Zero-width joiner is not rendered correctly when exporting Word document to PDF

Hello!

We are using Aspose.Words with the Aspose.Words.Shaping.HarfBuzz package for converting Word files to pdf. For most characters the pdf is rendered correctly, but there is a problem when characters are built together with a zero-width joiner. Lets assume we have the following fictious sequence of characters:
[A][ZWJ][B]

If the zero-width joiner has different formatting than the characters before and after, the characters will be rendered without the zero-width joiner. When pasting raw text into a document in MS Word, Word will automatically pick a font that includes the characters in the pasted string. Whitespace characters gets the default font, or more specifically, the run element has no formatting information, i.e. [A] and [B] gets the same fonts, while [ZWJ] gets no font. This appears to cause the JoinRunsWithSameFormatting function to interpret the character and zero-width joiner runs to have different formating, thus not joining them. While this is technically correct since they have different formatting, it will not produce a correctly rendered PDF.
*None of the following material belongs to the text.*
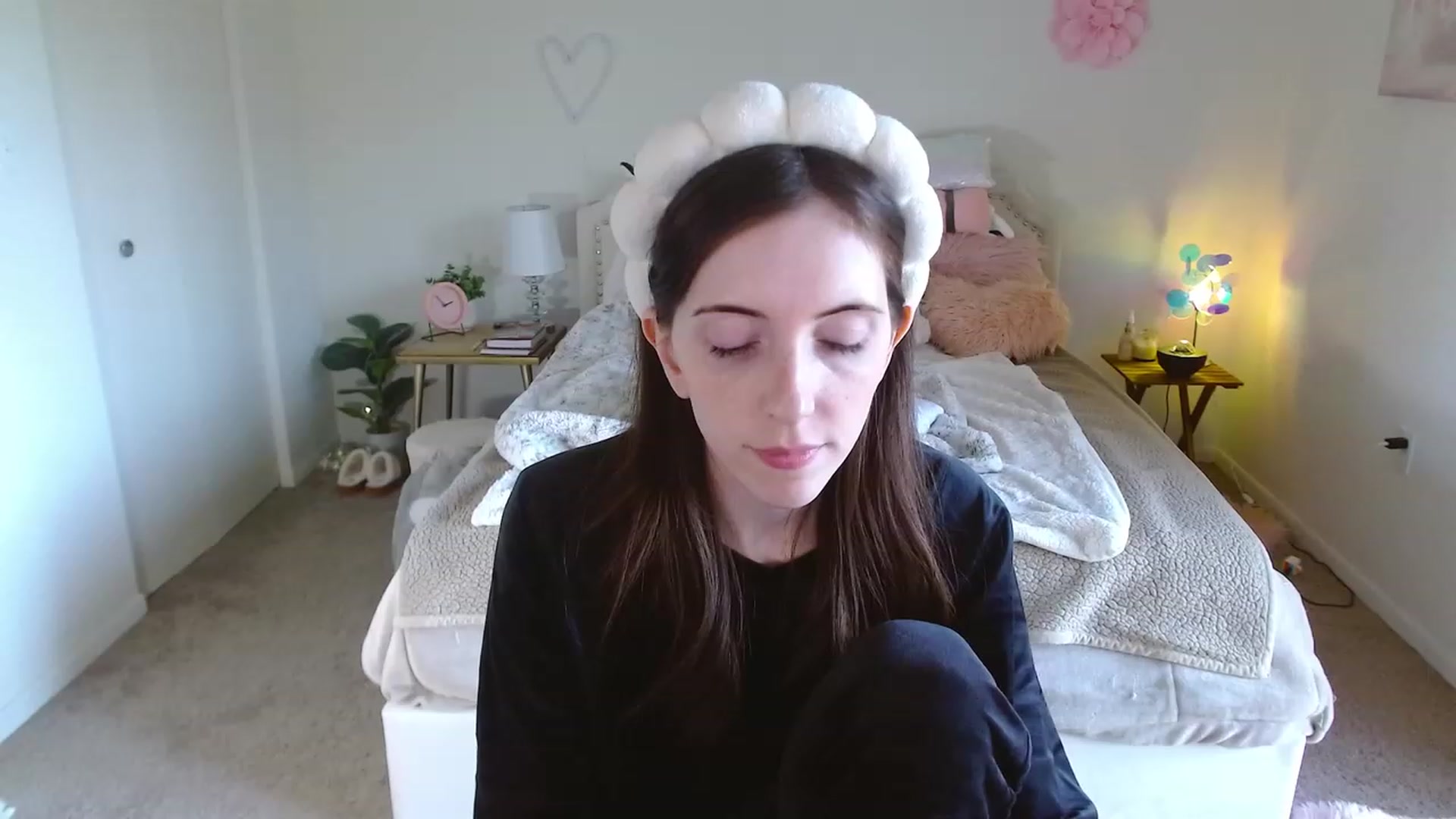 Gallery image thumbnail from MangoMae's myfreecams stream on, 11/24/2023, 20:09 image 15 of 20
While our example only shows this issue with zero-width joiner, we expect similar issues with zero-width non-joiner.

See attached zip archive for:

  • a word file containing different sequences of characters, with and without zero-width joiner, with and without formatting for the zero-width joiner, all with the expected rendering as an image.
  • pdf file generated with Aspose.Words 23.8.0 and Aspose.Words.Shaping.HarfBuzz 23.8.0
  • pdf file generated with Microsoft Word 2307 (Build 16626.20170)
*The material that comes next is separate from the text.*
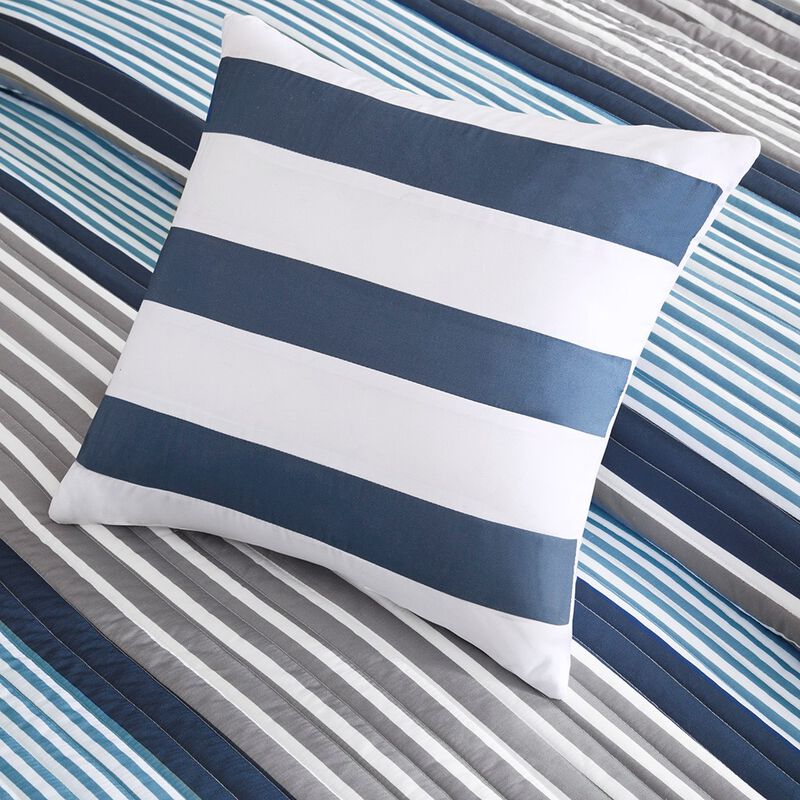Gracie Mills Aderyn Modern Reversible Quilt Set with Throw Pillows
ZWJ_examples.zip (116.0 KB)

@lars.olsson
We have opened the following new ticket(s) in our internal issue tracking system and will deliver their fixes according to the terms mentioned in Free Support Policies.

Issue ID(s): WORDSNET-25784

You can obtain Paid Support Services if you need support on a priority basis, along with the direct access to our Paid Support management team.

1 Like

The issues you have found earlier (filed as WORDSNET-25784) have been fixed in this Aspose.Words for .NET 23.9 update also available on NuGet.

1 Like